BEGIN Exercise inputs

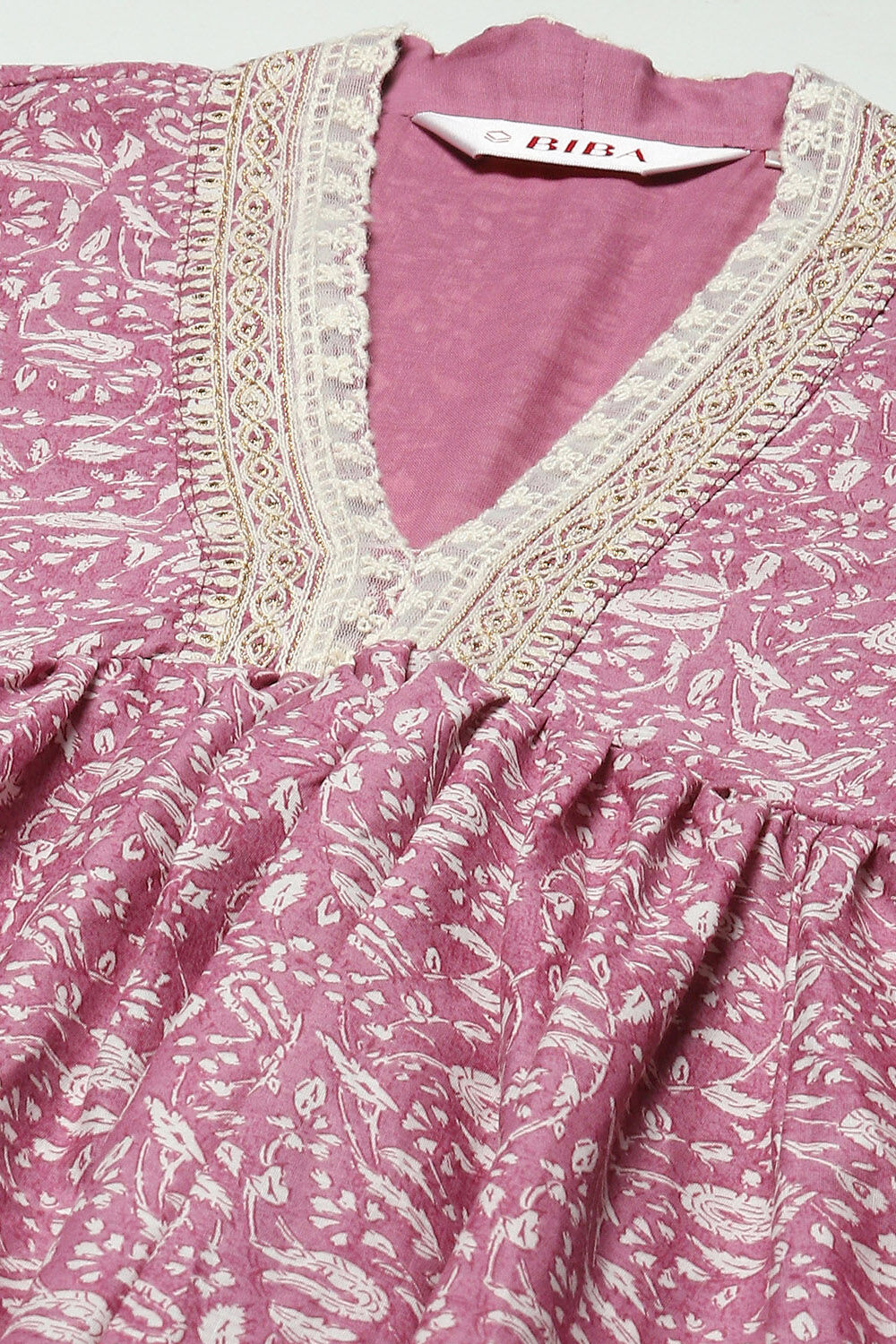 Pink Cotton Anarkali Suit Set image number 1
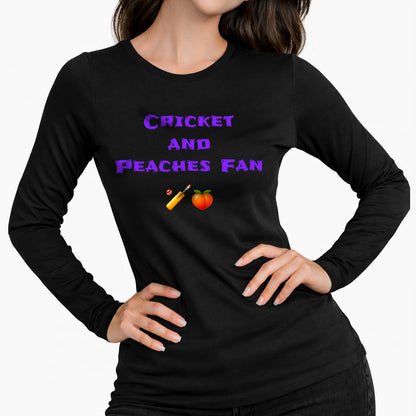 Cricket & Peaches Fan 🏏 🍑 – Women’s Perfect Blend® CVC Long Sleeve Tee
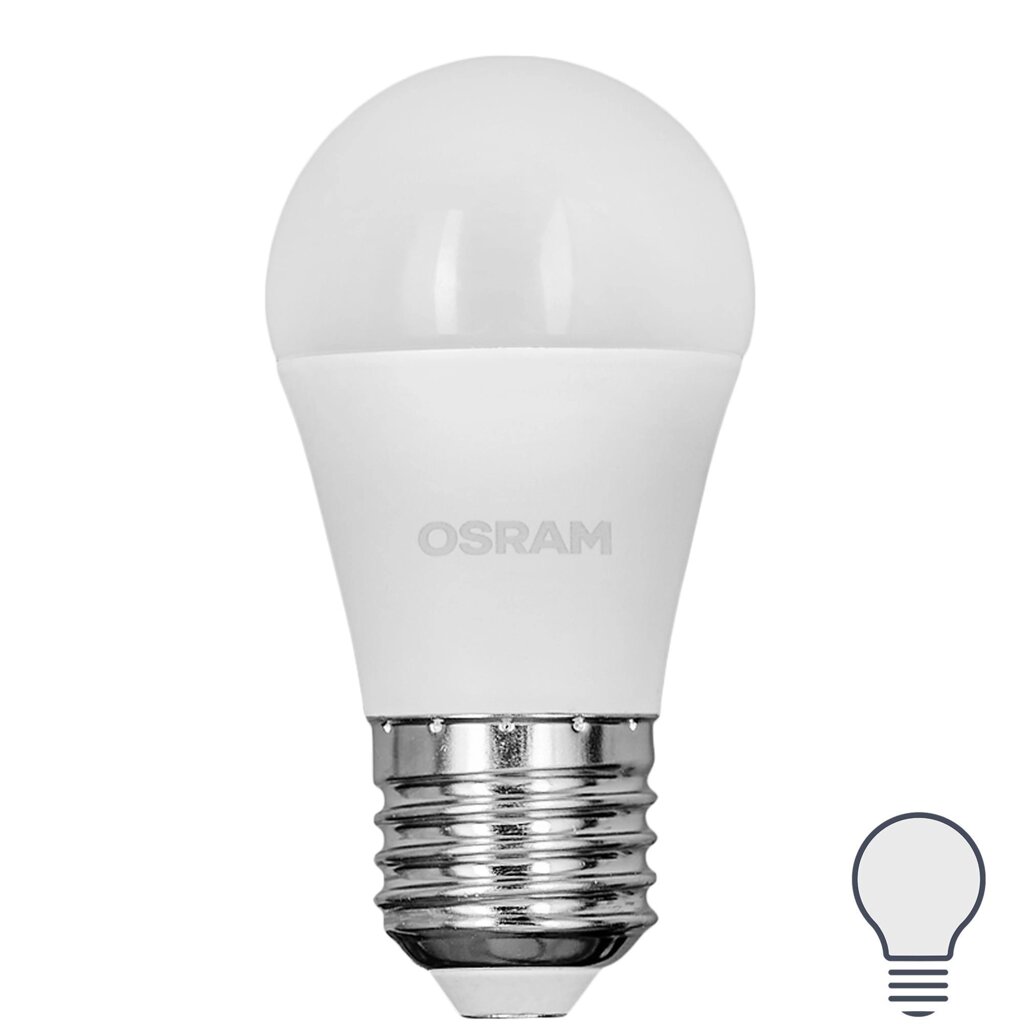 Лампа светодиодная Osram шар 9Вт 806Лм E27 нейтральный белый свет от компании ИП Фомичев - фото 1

END Exercise inputs
BEGIN Exercise inputs

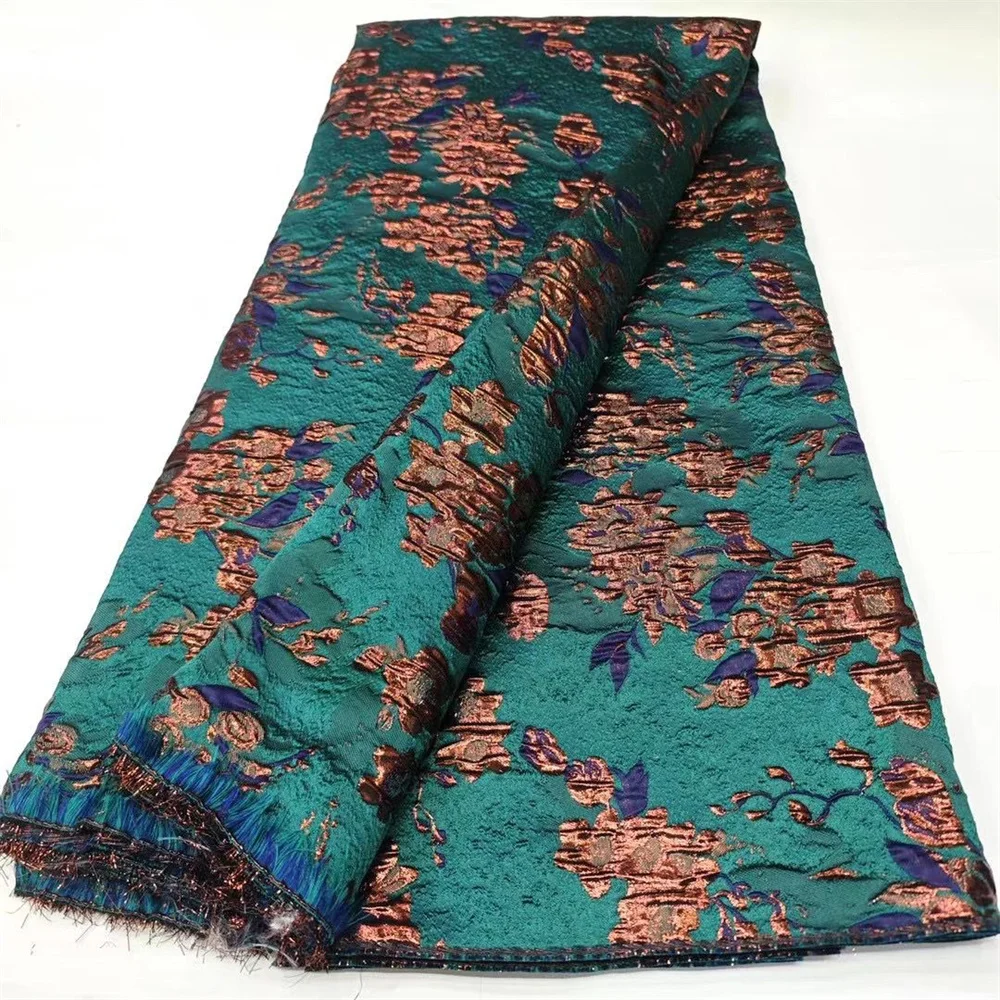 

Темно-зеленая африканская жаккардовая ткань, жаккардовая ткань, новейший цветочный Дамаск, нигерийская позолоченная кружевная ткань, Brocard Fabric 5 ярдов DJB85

END Exercise inputs
BEGIN Exercise inputs

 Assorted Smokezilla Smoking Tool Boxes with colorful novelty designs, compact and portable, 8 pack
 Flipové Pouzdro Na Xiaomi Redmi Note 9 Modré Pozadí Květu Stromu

END Exercise inputs

## What is being asked
Taking the entries above, extract every line from the one bearing "Pink Cotton Anarkali Suit Set image number 1" through the one bearing "Лампа светодиодная Osram", exactly, with no pictures.

## Finished task
 Pink Cotton Anarkali Suit Set image number 1
 Cricket & Peaches Fan 🏏 🍑 – Women’s Perfect Blend® CVC Long Sleeve Tee
 Лампа светодиодная Osram шар 9Вт 806Лм E27 нейтральный белый свет от компании ИП Фомичев - фото 1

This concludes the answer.